## WHAT IS REQUIRED:
A faithful copy of the whole listing is required, with nothing left out.
GIVEN INFORMATION START
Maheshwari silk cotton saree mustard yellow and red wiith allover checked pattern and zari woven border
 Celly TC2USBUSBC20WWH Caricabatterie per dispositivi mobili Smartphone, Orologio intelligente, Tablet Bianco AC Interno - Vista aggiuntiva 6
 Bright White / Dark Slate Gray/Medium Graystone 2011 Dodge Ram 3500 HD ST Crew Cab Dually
GIVEN INFORMATION END
## RESULT OF THIS EXERCISE:
Maheshwari silk cotton saree mustard yellow and red wiith allover checked pattern and zari woven border
 Celly TC2USBUSBC20WWH Caricabatterie per dispositivi mobili Smartphone, Orologio intelligente, Tablet Bianco AC Interno - Vista aggiuntiva 6
 Bright White / Dark Slate Gray/Medium Graystone 2011 Dodge Ram 3500 HD ST Crew Cab Dually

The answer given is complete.